TensorRT
TensorRT copied to clipboard
❓ [Question] compiled ExportedProgram is slower than uncompiled model
❓ Question
I tried compiling a few models with torch_tensorrt.compile(model, inputs, ir='dynamo', ...) and each one of them was slower than the respective uncompiled model.

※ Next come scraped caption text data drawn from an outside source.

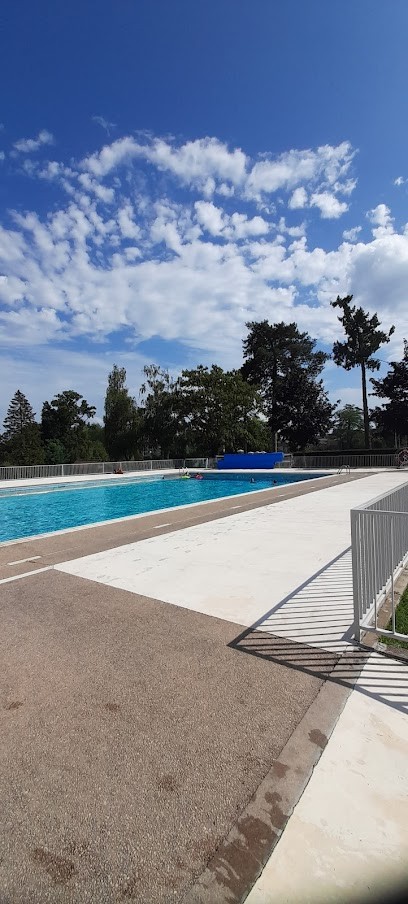 Piscine Municipale, Piscine à Bourbon-l'Archambault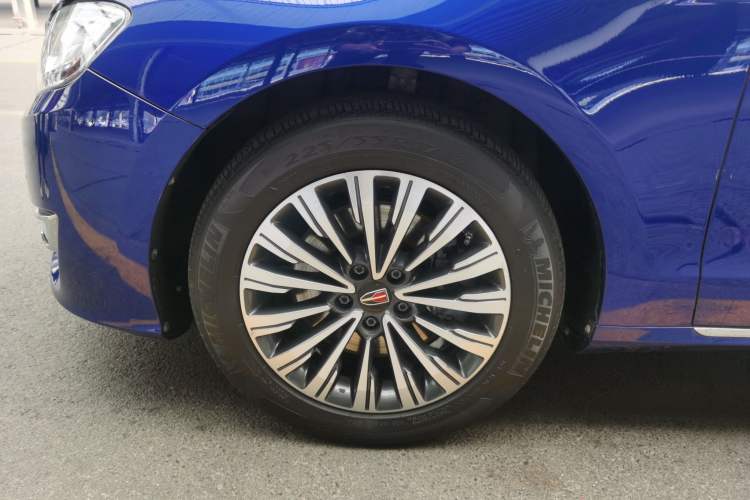 Used Hongqi H7 2018 2.0T Flagship Edition Left Front Wheel Hub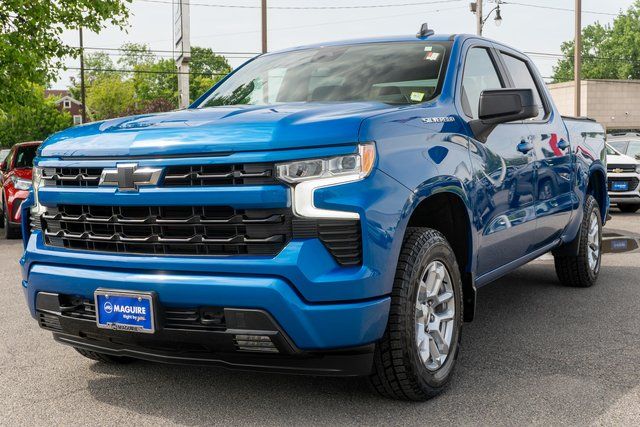 2022 Chevrolet Silverado 1500 RST Image 1 of 28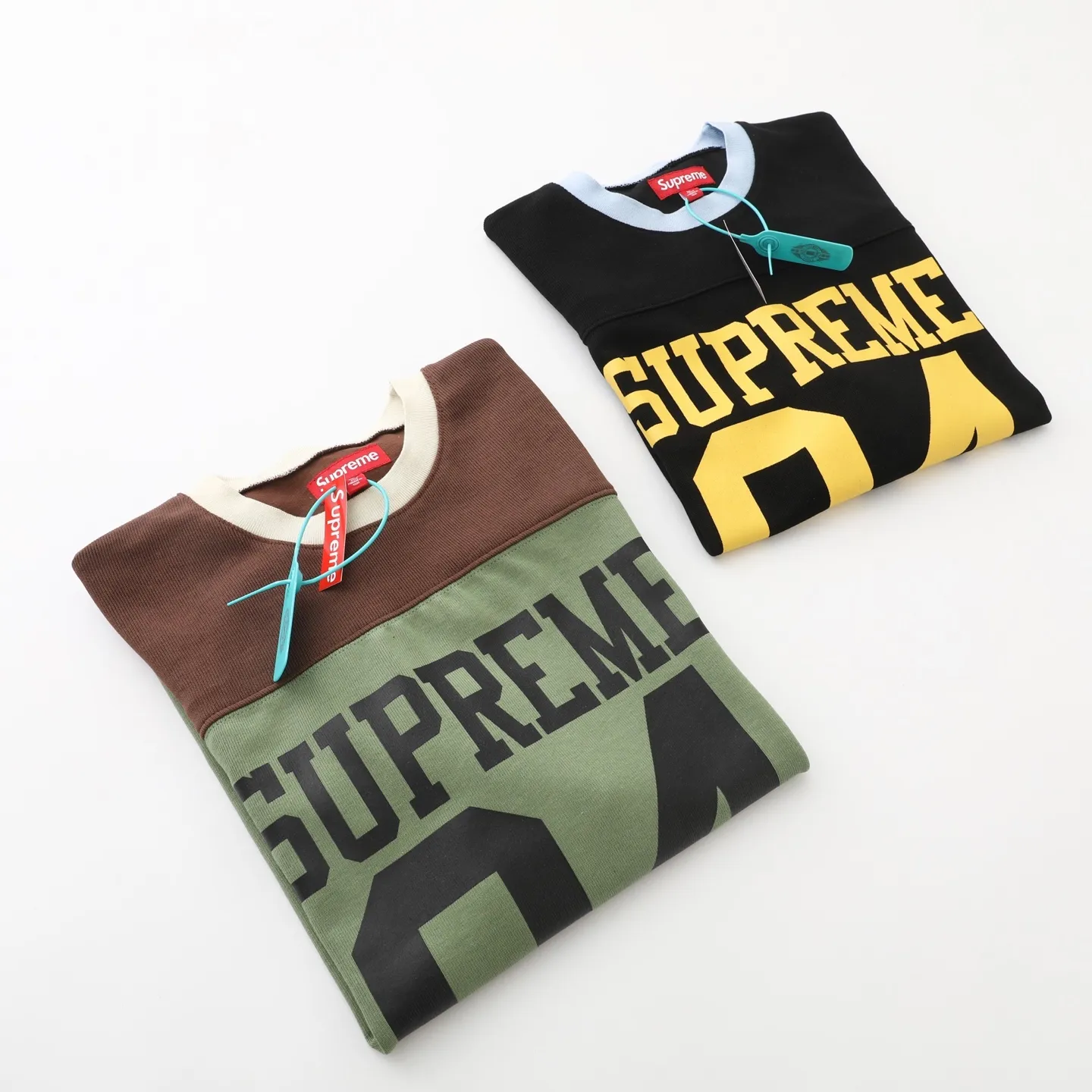 S626💰p220 Supreme SS25 WEEK8 Split S/S Football Top patchwork pattern ribbed round neck short-sleeved American trendy football jersey for men and women. Original purchase and development! The color matching thread is customized at 1:1, and the accessories and details are all in place!  Color: Black Green Size: S M L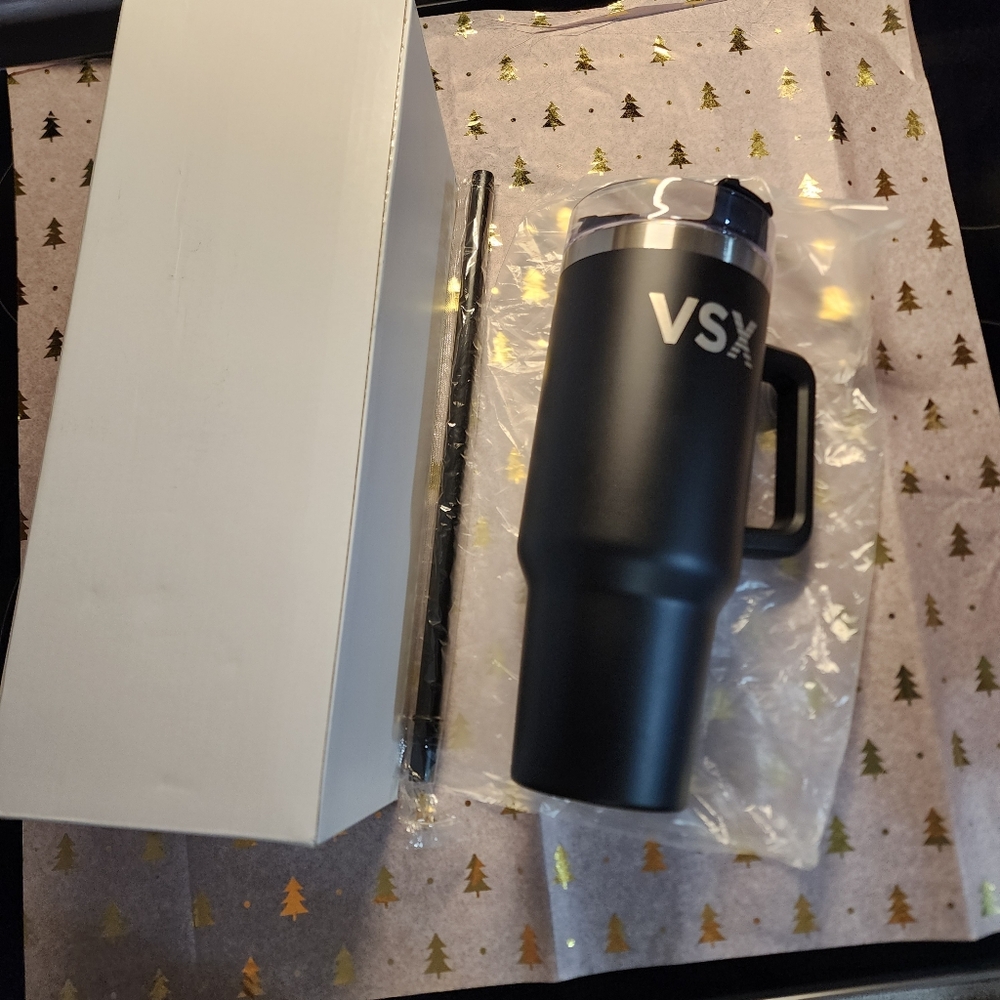 VSX Matte Black Insulated Mug with Handle. Comes With box. Brand New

I was wondering if I was using torch_tensorrt incorrectly.
What you have already tried
A minimum example:
import torch
import torch_tensorrt
import time
model = torch.hub.load('pytorch/vision:v0.10.0', 'mobilenet_v2', pretrained=True)
model.eval().cuda()
inputs = [
torch_tensorrt.Input(
shape=torch.Size((1, 3, 480, 640)),
dtype=torch.float,
)
]
trt_model = torch_tensorrt.compile(model, inputs=inputs, ir='dynamo', truncate_long_and_double=True, enabled_precisions={torch.half}, opt_level='max')
The inference time was measured as below:
x = torch.rand((1, 3, 480, 640)).cuda() - 0.5
# warm up
for _ in range(10):
trt_model(x)
total_time = 0
for _ in range(20):
start = time.time()
out = trt_model(x)
total_time += time.time() - start
print(total_time / 20)
On average the uncompiled model inference time is 4ms and compiled model 9ms.
Environment
Build information about Torch-TensorRT can be found by turning on debug messages
- PyTorch Version (e.g., 1.0): 2.2.1
- CPU Architecture: x86_64
- OS (e.g., Linux): Linux
- How you installed PyTorch (
conda,pip,libtorch, source): pip intall torch torch_tensorrt - Build command you used (if compiling from source):
- Are you using local sources or building from archives:
- Python version: 3.11
- CUDA version: 12.3
- GPU models and configuration: NVIDIA GeForce RTX 4050
- Any other relevant information:
Additional context
Update:
In comparison, trt_model = torch.compile(model, backend='tensorrt', options={'truncate_long_and_double': True, 'enabled_precisions': {torch.half}}) reduces the inference time to 0.3ms. But JIT compilation would be infeasible for my use case since the time it takes to recompile every time would be too long.
Update 2:
Using dynamo with output_format='fx' does accelerate the model. Was I using the ExportedProgram wrong?